--- THE DATA ---
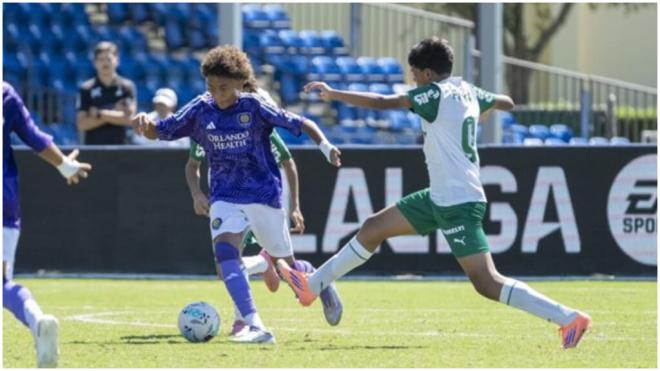 Gabriel Santos, a la derecha de la imagen, pugna por un balón. (Foto: LALIGA)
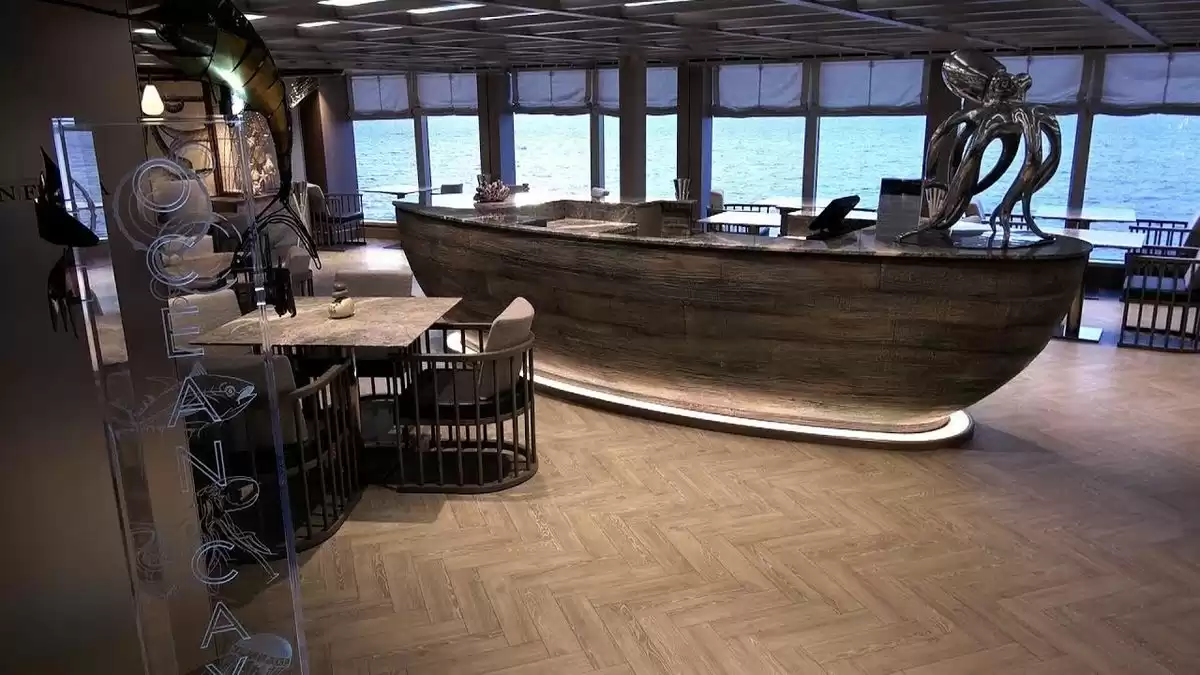 le  :  cabine 55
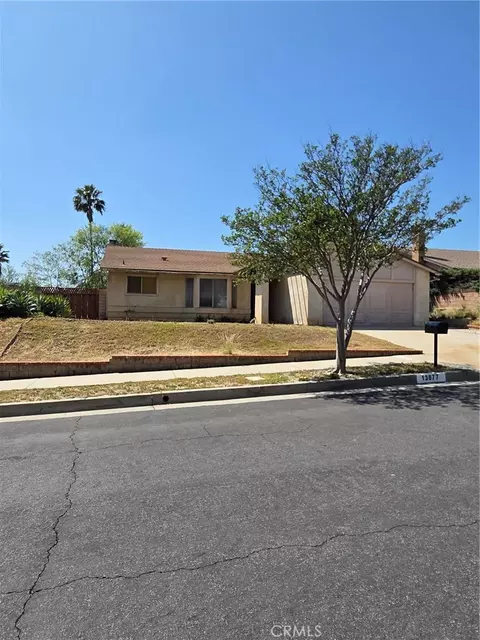 13877 Shablow Ave, Sylmar, CA 91342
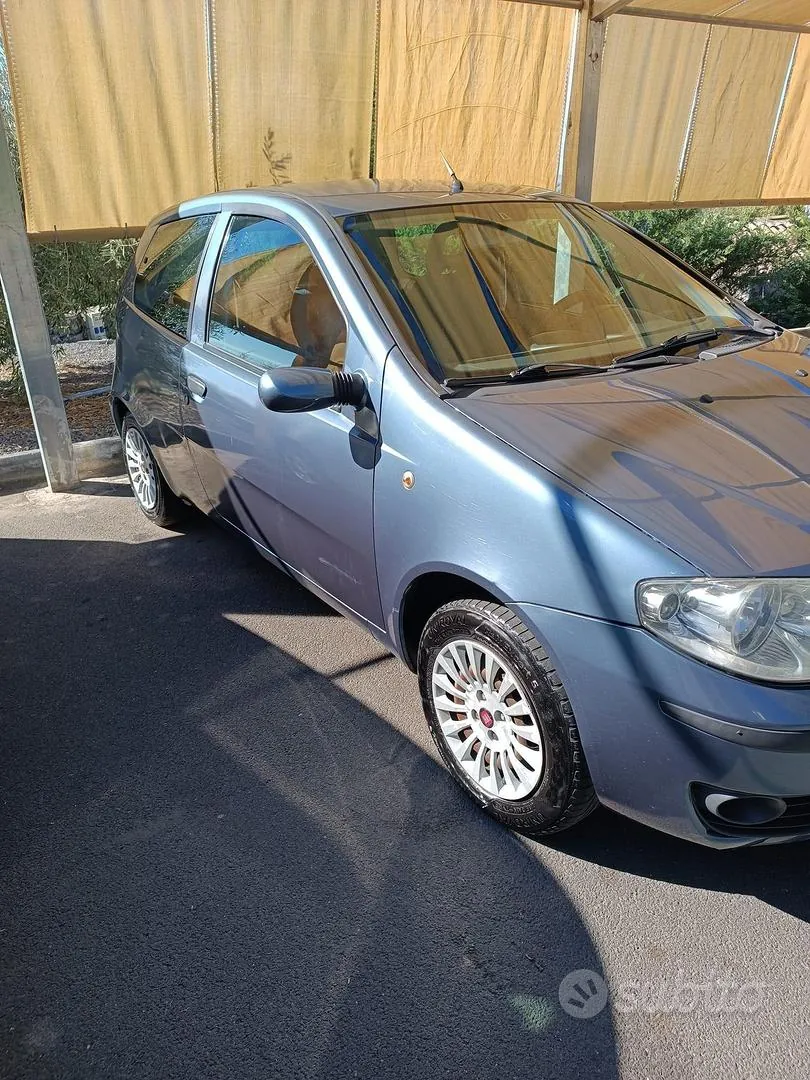 Fiat Punto 2004 photo 4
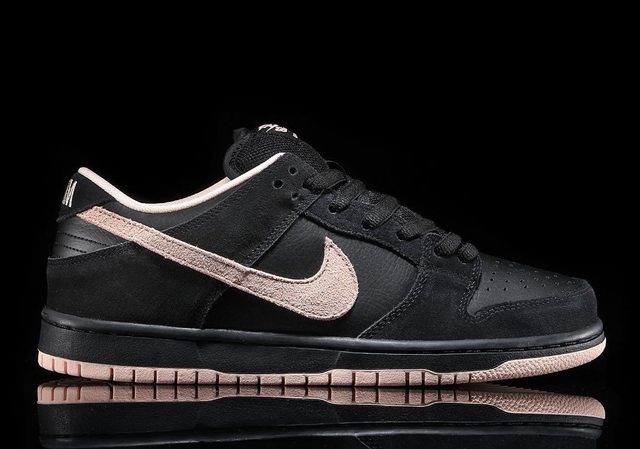 nike sb dunk low black and pink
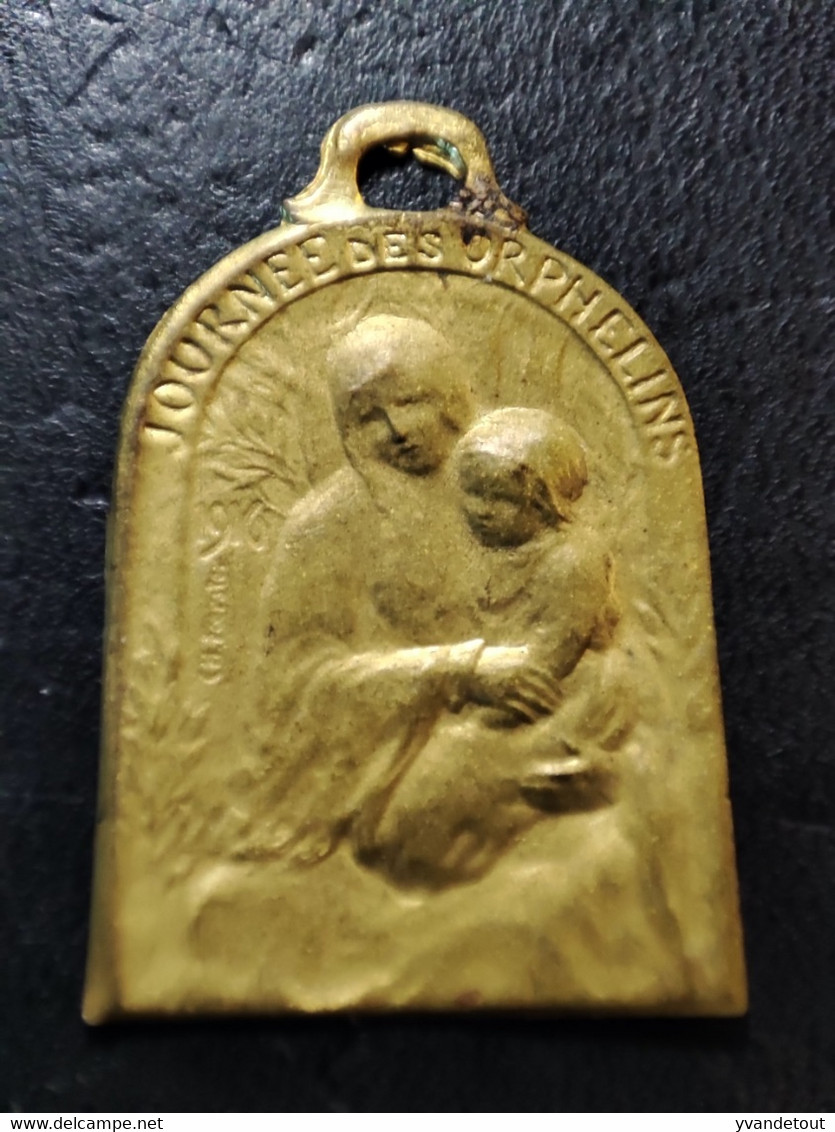 Médaille. Insigne. Journée Des Orphelins 14/18 - France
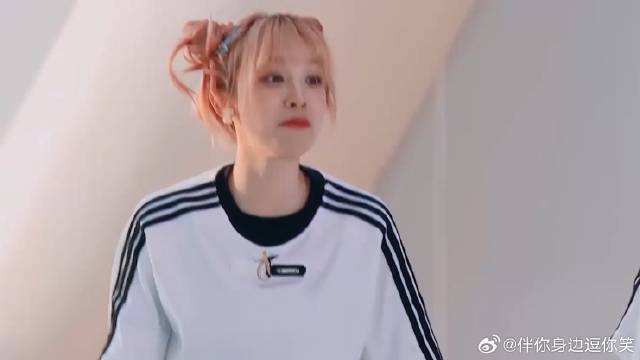 李晨劲真大，轻轻一推章昊差点摔倒，宋雨琦：别推我们孩儿丨奔跑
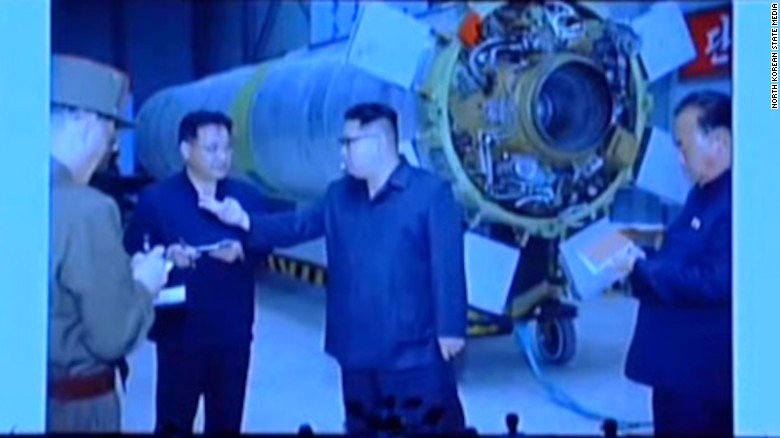 Triều Tiên công bố hình ảnh chưa từng có về tên lửa - 4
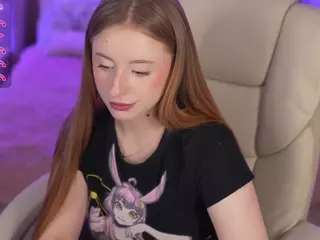 SilverrMoon's Live Sex Cam Show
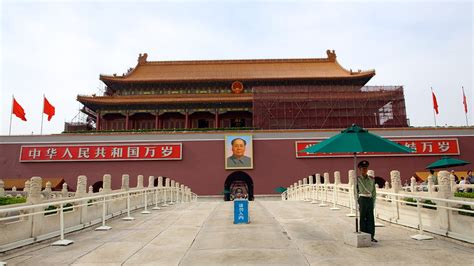 Tiananmen Square In Beijing Expedia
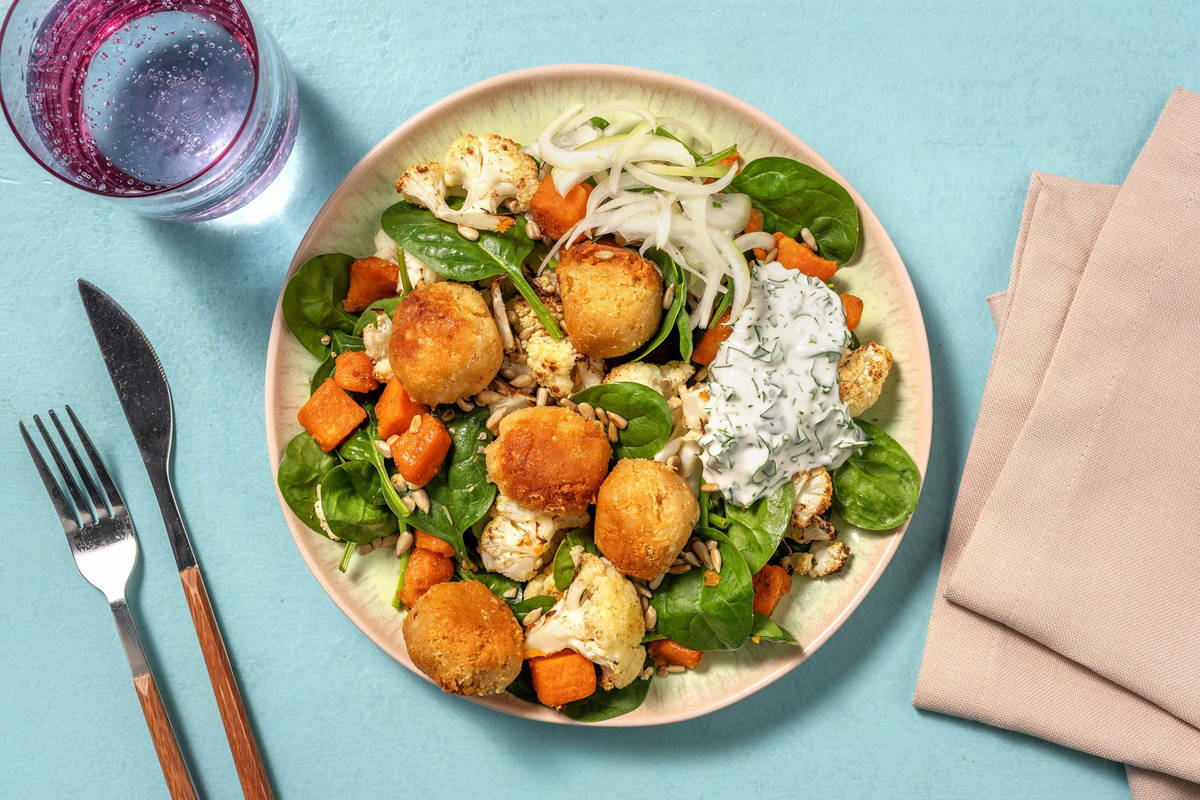 Falafel en geroosterde groenten met Midden-Oosterse kruiden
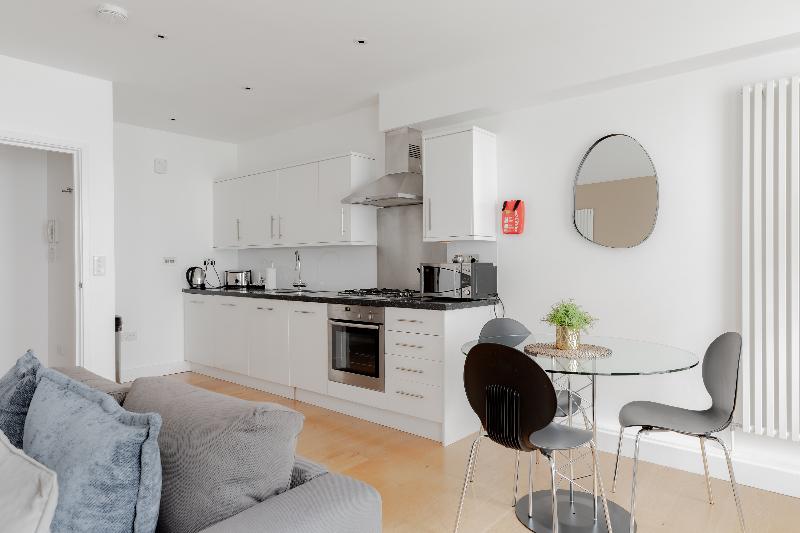 Excel Apartments Ltd - Oda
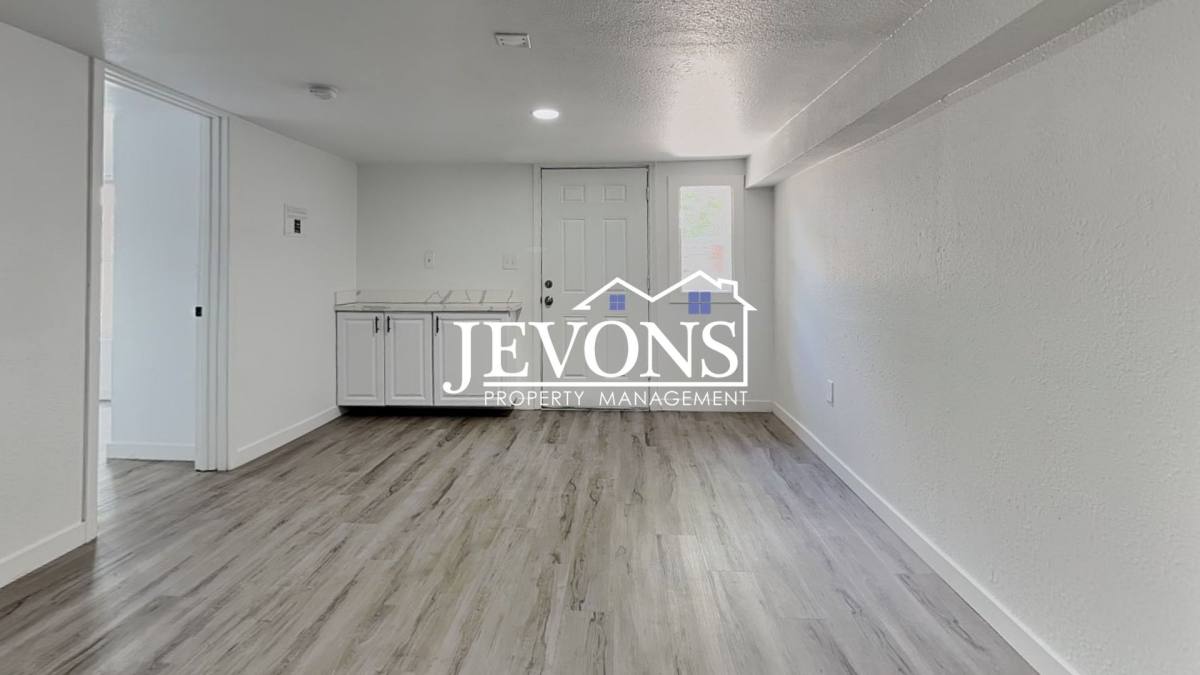 Apartment for rent at 630 N Skyline Dr, Tacoma, WA 98406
---
-- YOUR OBJECTIVE --
Reproduce all lines above exactly. Leave the images out.

-- TASK RESPONSE --
 Gabriel Santos, a la derecha de la imagen, pugna por un balón. (Foto: LALIGA)
 le  :  cabine 55
 13877 Shablow Ave, Sylmar, CA 91342
 Fiat Punto 2004 photo 4
 nike sb dunk low black and pink
 Médaille. Insigne. Journée Des Orphelins 14/18 - France
 李晨劲真大，轻轻一推章昊差点摔倒，宋雨琦：别推我们孩儿丨奔跑
 Triều Tiên công bố hình ảnh chưa từng có về tên lửa - 4
 SilverrMoon's Live Sex Cam Show
 Tiananmen Square In Beijing Expedia
 Falafel en geroosterde groenten met Midden-Oosterse kruiden
 Excel Apartments Ltd - Oda
 Apartment for rent at 630 N Skyline Dr, Tacoma, WA 98406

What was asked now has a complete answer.